When you first start learning SQL you may hear the term ‘ad-hoc query’ repeated. An ad-hoc query is a query that is written on the fly. This kind of query is one that you might use from time to time to pull information using your desktop-resident query tool. An ad-hoc query is not predefined in code and performed on a routine database.

Writing Ad Hoc Queries Takes Skill

There are many occasions when writing ad hoc queries may be required. You may have a set of queries predefined in code for your app, that would allow the user of the app to pull out the most commonly requested information. If one of those users suddenly needs a completely different set of information that is beyond the scope fo the tool then they may contact the database manager and ask them to find that information for them.

Let’s face it, most people who use data today are not technically inclined.
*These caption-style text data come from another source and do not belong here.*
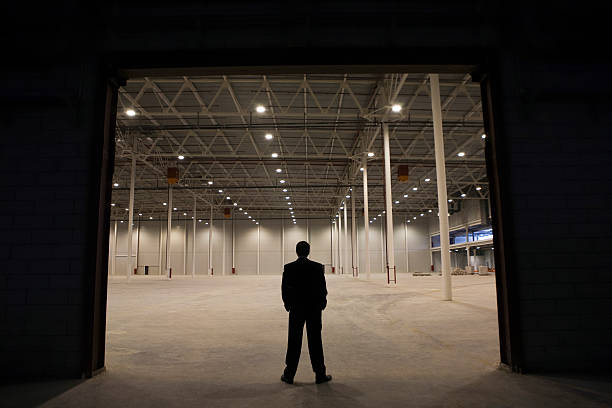 istock Businessman Standing At Warehouse Entrance 466825511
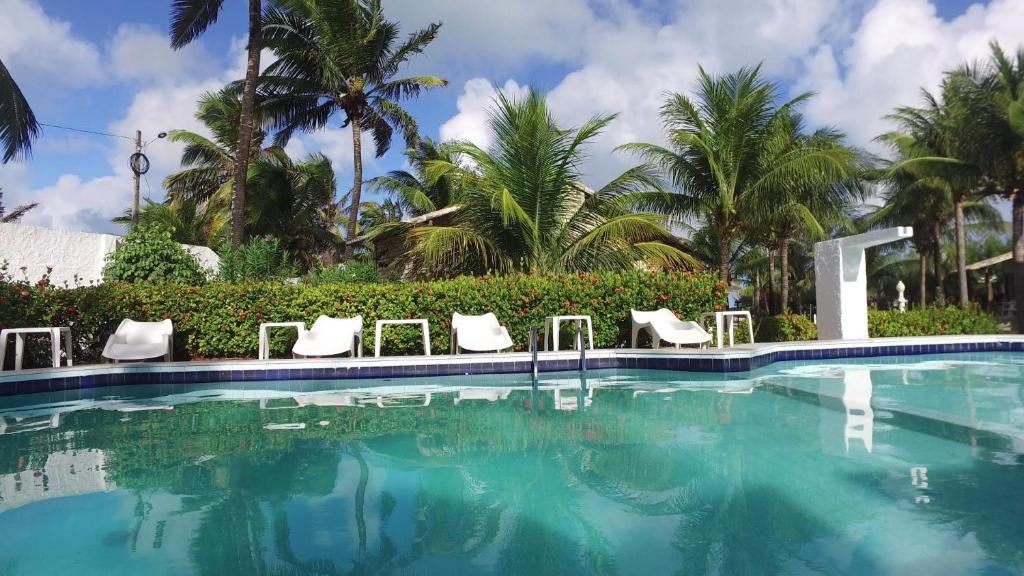 a swimming pool with white chairs and palm trees at Pousada Caribe Sul in Barra do Cunhau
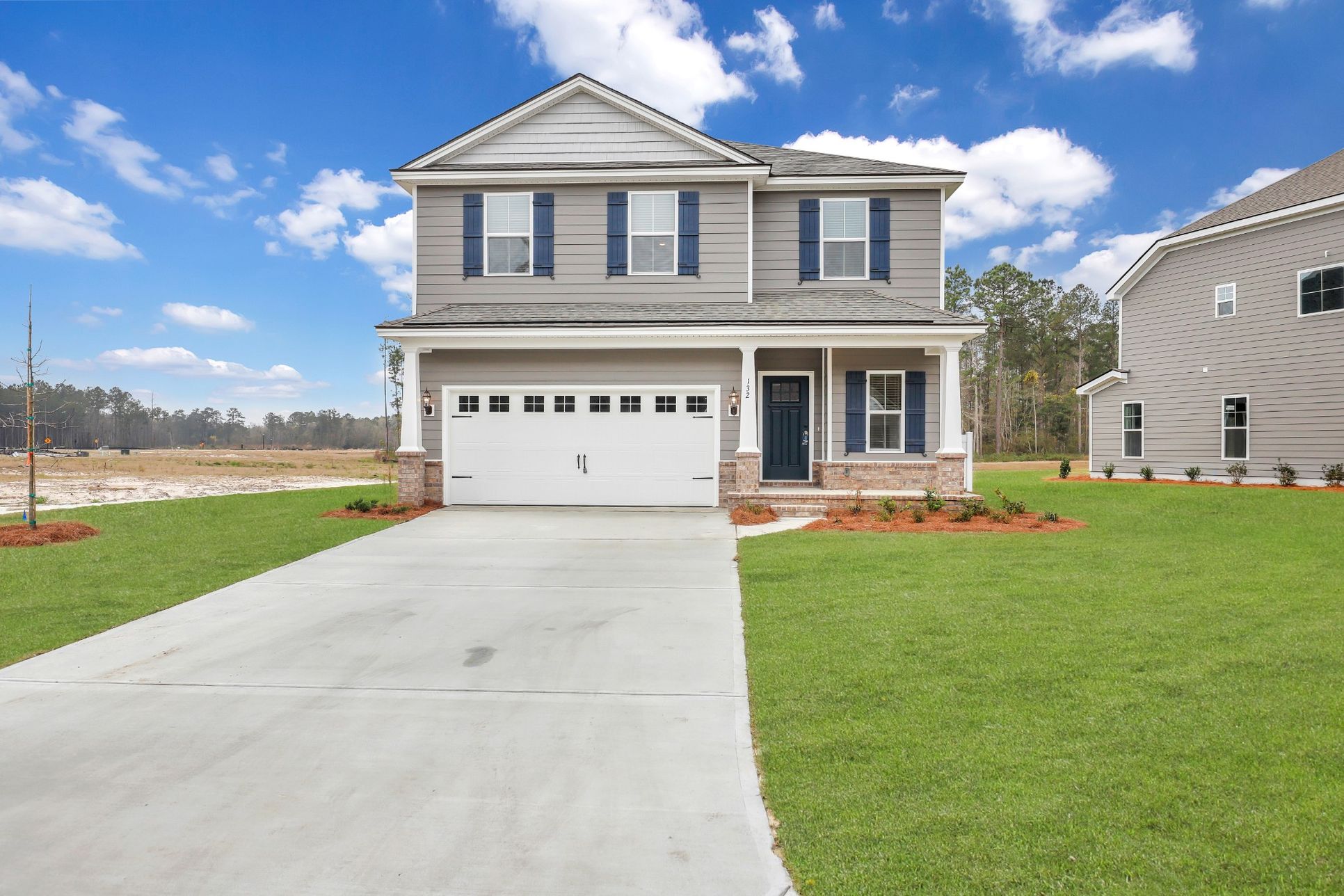 Seabrook C with 4 side brick water table with carriage style garage doors built by Ernest Homes B...:Seabrook C - Front Elevation with Raised Foundation | Ernest Homes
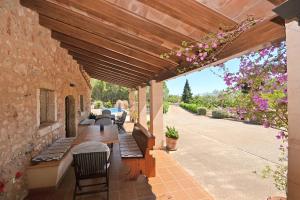 um pátio exterior com uma pérgola de madeira em Villa Alba em Llubí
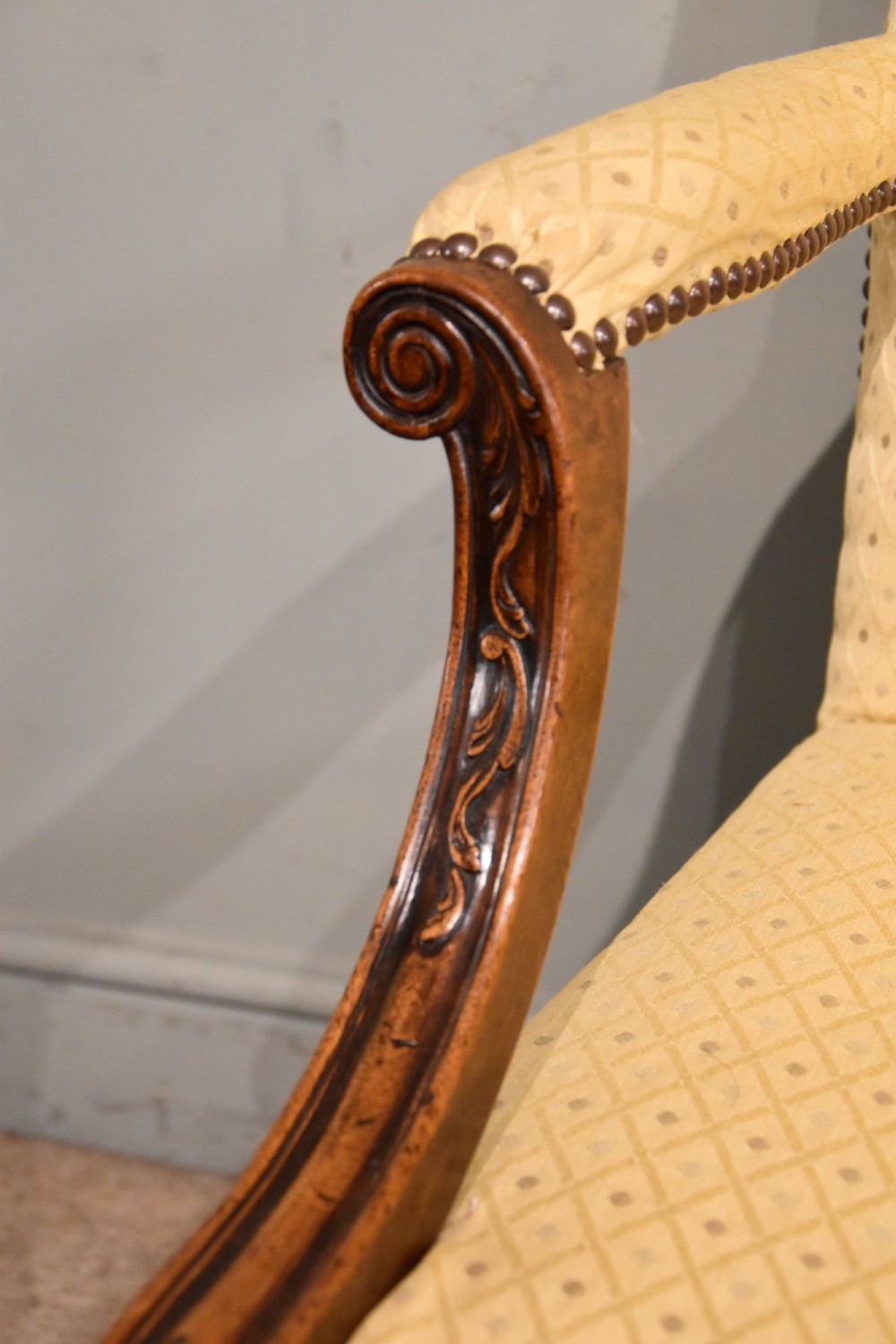 A George III mahogany Gainsborough library armchair upholstered in yellow patterned fabric with scroll arms and brass stud trim. View VI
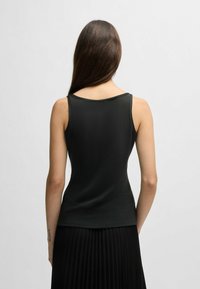 Top in cotone nero a coste, con un design aderente, spalline larghe e scollatura liscia, mostrato di retro su uno sfondo neutro.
They have the power of complex databases at their fingertips, but they do not really know what goes into constructing the queries. Writing ad-hoc queries by hand takes skill.

There are some tools out there which allow people to produce ad-hoc queries without knowing what goes on under the hood. End users have the chance to construct complex queries with those tools using a drag and drop interface. It’s hard to beat that simplicity.
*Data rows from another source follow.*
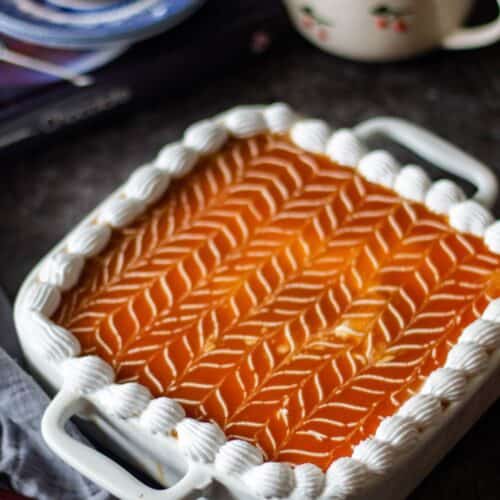 caramel tres leches cake with coffee in the background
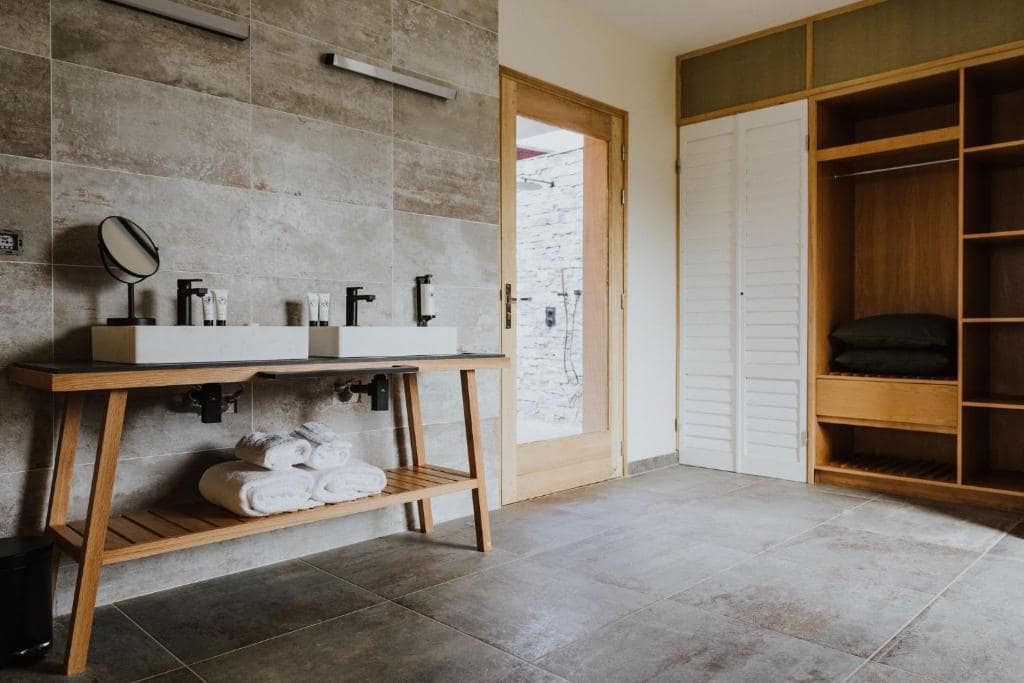 Salle de bains, double vasque sur console bois et douche à l'italienne · © Sarana Hôtel & Spa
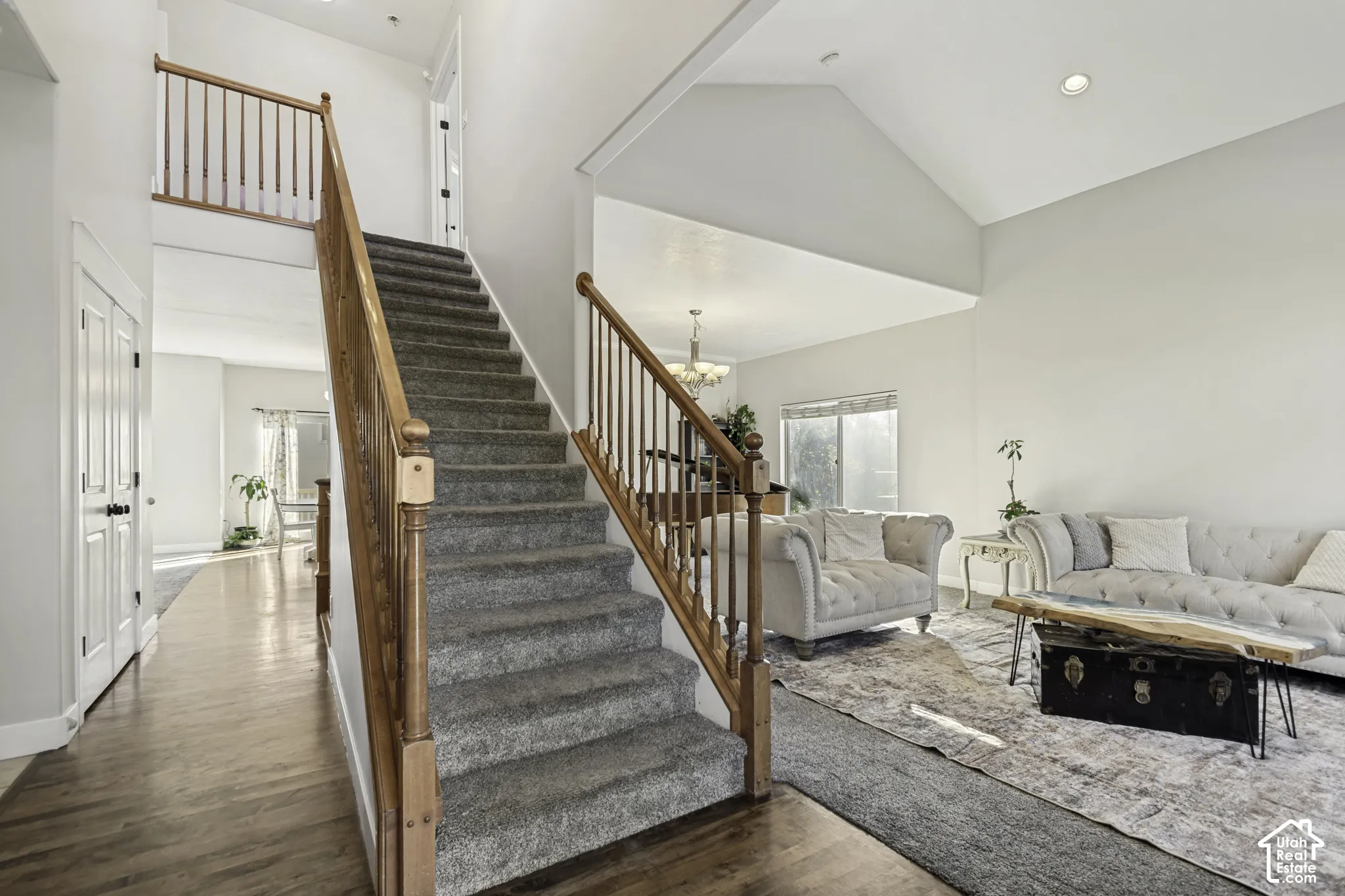 Open-concept interior featuring vaulted ceilings, staircase with wooden balusters, recessed lighting, and wood-finish flooring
Improving Database Performance for a Range of Queries

One of the challenges of ad-hoc queries is that where predefined queries are usually quite well optimized, an ad-hoc one might be far more resource-heavy. To reduce the impact of the extra resource requirements, it helps if the database server is well-provisioned in terms of storage, memory and even processor time. For some data sets, a lot of the demand can be mitigated using pre-calculated result sets, but that is not always an option.

Another way that database administrators can improve the performance of a database is by discouraging end-users from making extensive use of ad-hoc queries unless they are absolutely necessary. It is often far better to use a query that takes data from a pre-defined range instead of polling the entire database. This is particularly true where the database in question contains millions of transactions, for example. It’s unlikely that the user really wants to look through all of those. They could sort by date or some other primary field and the query only the results that are within the range required.

Ad hoc queries can cause significant performance degradation, especially if they are complex, so it is a good idea to use them on a ‘copy’ of the live database, and to take a data mining approach to performing the query, rather than running it on a live database that is more likely to suffer from the slowdown.

With proper design and scheduling, it is possible to give users access to the information that they need without having to worry too much about the database taking a performance hit.